Brussels (Brussels Morning) Poland’s energy experts worked hard on Tuesday to restore the country’s largest power plant to full operation after a network failure switched off 10 out of 11 generators at the Belchatow coal power plant facility, AP reported.
The outage was felt across much of Europe, as Poland required emergency electricity imports from Germany, Sweden, the Czech Republic and Slovakia to plug the sudden gap in its national energy grid.

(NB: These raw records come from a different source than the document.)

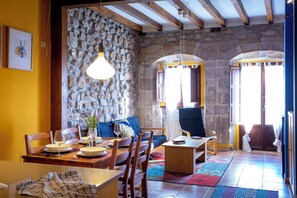 Deluxe Apartment, Balcony, Hill View | Living area | TV - La casona de las meninas (Cartes)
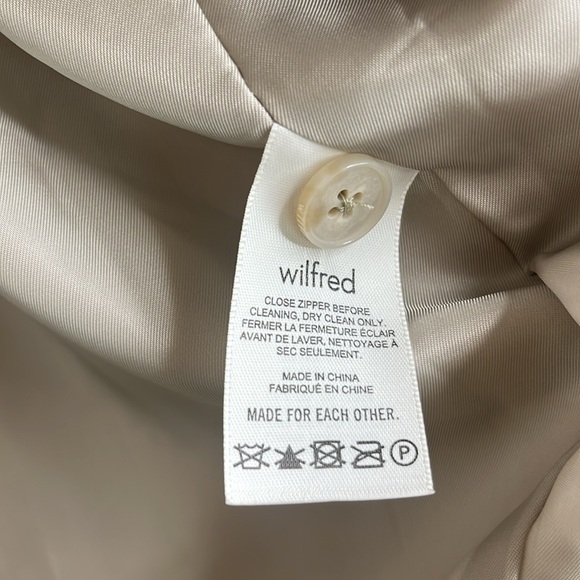 Aritzia Wilfred Numbers Oversized Bomber Jacket in Matte Pearl Sz S - Picture 7 of 8
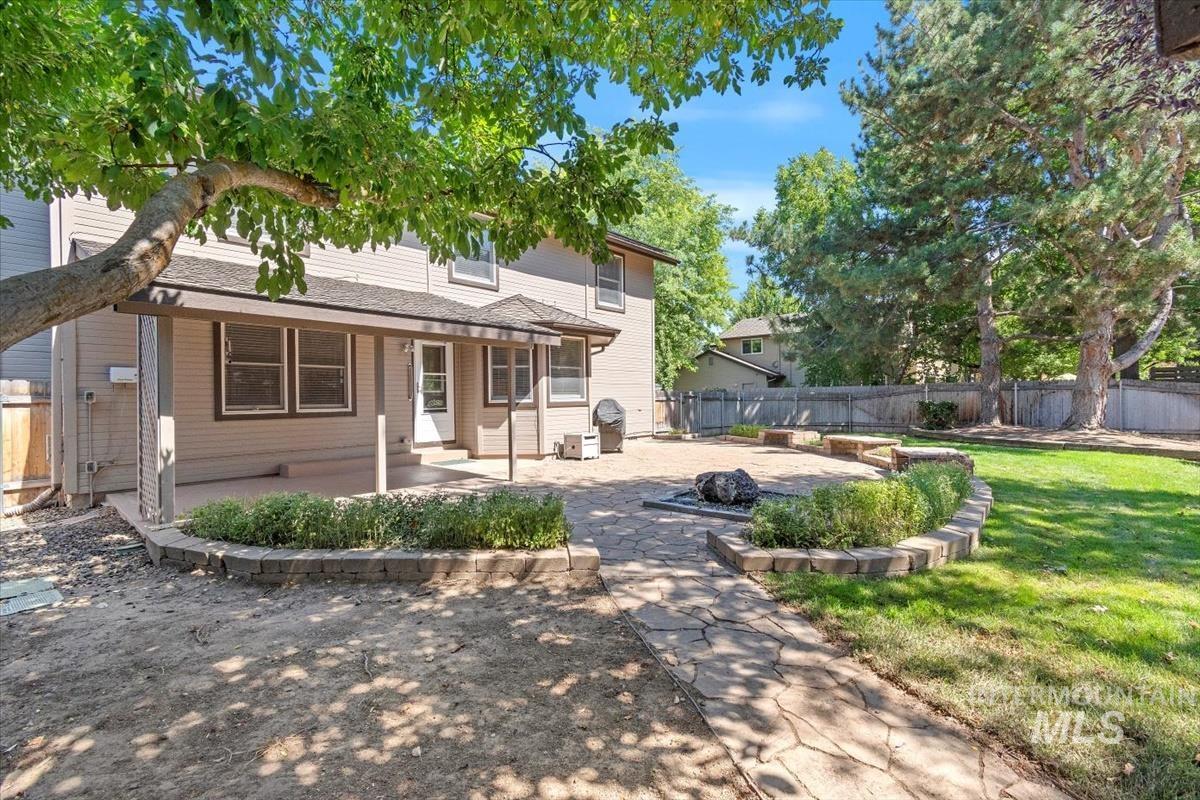 3531 S Crosspoint Ave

Tuesday’s outage was the second major outage at the Belchatow plant since 2015. The plant, Poland’s largest, is one of its principal electricity producers, accounting for as much as 20% of the country’s electrical power generation.
Felt in Europe
The outage caused a sudden drop in power mains frequency throughout much of Europe, as the standard value of 50Hz dipped to 49.85 Hz once the plant’s generators shut down. Utility companies in other countries had to increase local production to compensate for the dangerous drop in the grid.
According to Polish officials, the outage was caused by a failure of a power station to which all 10 affected units were connected. The sole unaffected generator was connected to a different power station and continued to function.
The country’s chief energy distributor, the energy giant PGE, was able to announce later that eight of the units had been restored to service, despite the huge challenge of restarting them after a total cessation of operations. A PGE spokesperson later assured the public that the national energy system was back to working properly and that no further power shortages were expected.
The latest incident served to highlight repeated calls by Poland’s environmental groups to diversify the country’s energy production portfolio. Currently, Poland produces 65% of its power from thermal power plants powered by black coal and lignite, most of which are mined domestically.